*** Opening EXERCISE INPUT ***

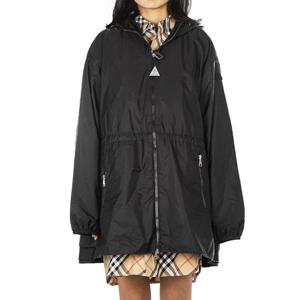 [몽클레어] (I1093 1A00134 539ZD 999) 여성 웨트 후드 자켓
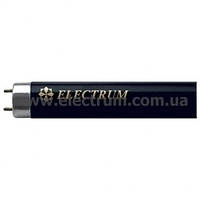 Лампа ультрафиолетовая (УФ) 4 Вт G5 трубчатая Т5 (для детекторов валют) ELECTRUM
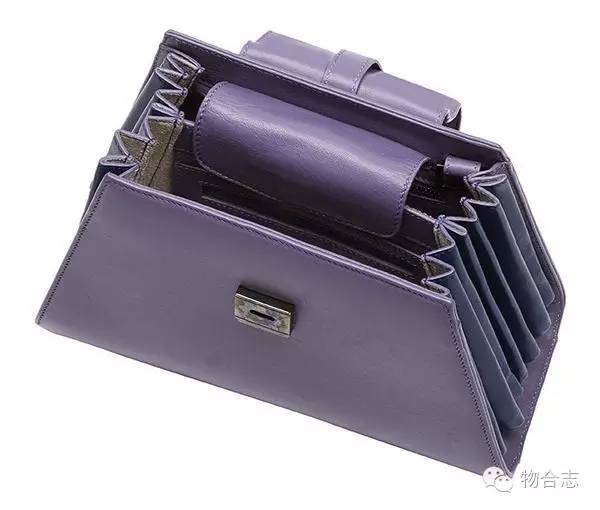 Melimelo又一款剁手的包包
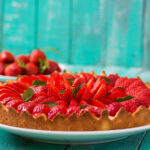 Como Montar uma Torta de Morango Linda e Saborosa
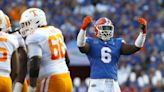 Gators-Vols tops College Sports Wire’s SEC schedule for Week 3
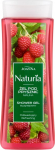 Kehapesugeel Joanna Naturia Raspberry, 300 ml
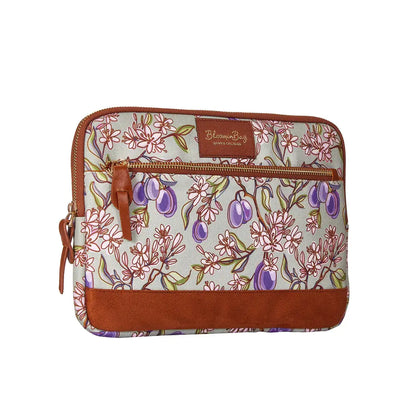 Plums in Bloom iPad / Tablet Kılıfı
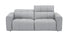 Prescott Fabric Sofa in Dark Grey [ clone ]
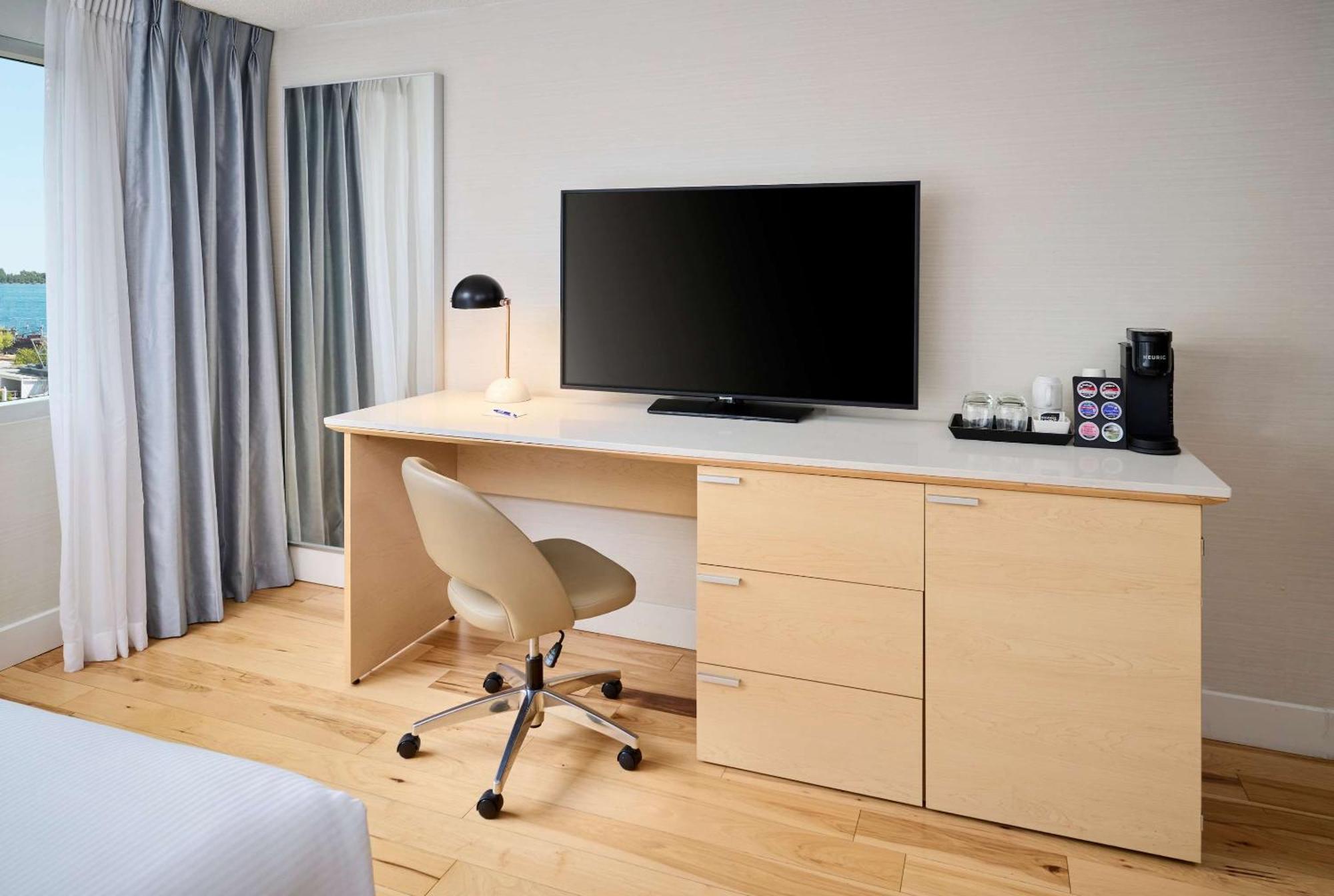 Radisson Blu Toronto Downtown Hotel Ngoại thất bức ảnh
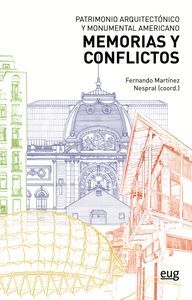 PATRIMONIO ARQUITECTONICO Y MONUMENTAL AMERICANO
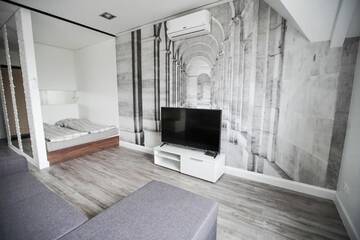 Фото номера Апартаменты Делюкс Апартаменты Apartment - Dzerzhynskogo Street г. Брест 47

*** Closing EXERCISE INPUT ***

_TASK TO CARRY OUT:_ Keep every word of the records and none of the pictures when you print them again.

_COMPLETED EXERCISE:_
 [몽클레어] (I1093 1A00134 539ZD 999) 여성 웨트 후드 자켓
 Лампа ультрафиолетовая (УФ) 4 Вт G5 трубчатая Т5 (для детекторов валют) ELECTRUM
 Melimelo又一款剁手的包包
 Como Montar uma Torta de Morango Linda e Saborosa
 Gators-Vols tops College Sports Wire’s SEC schedule for Week 3
 Kehapesugeel Joanna Naturia Raspberry, 300 ml
 Plums in Bloom iPad / Tablet Kılıfı
 Prescott Fabric Sofa in Dark Grey [ clone ]
 Radisson Blu Toronto Downtown Hotel Ngoại thất bức ảnh
 PATRIMONIO ARQUITECTONICO Y MONUMENTAL AMERICANO
 Фото номера Апартаменты Делюкс Апартаменты Apartment - Dzerzhynskogo Street г. Брест 47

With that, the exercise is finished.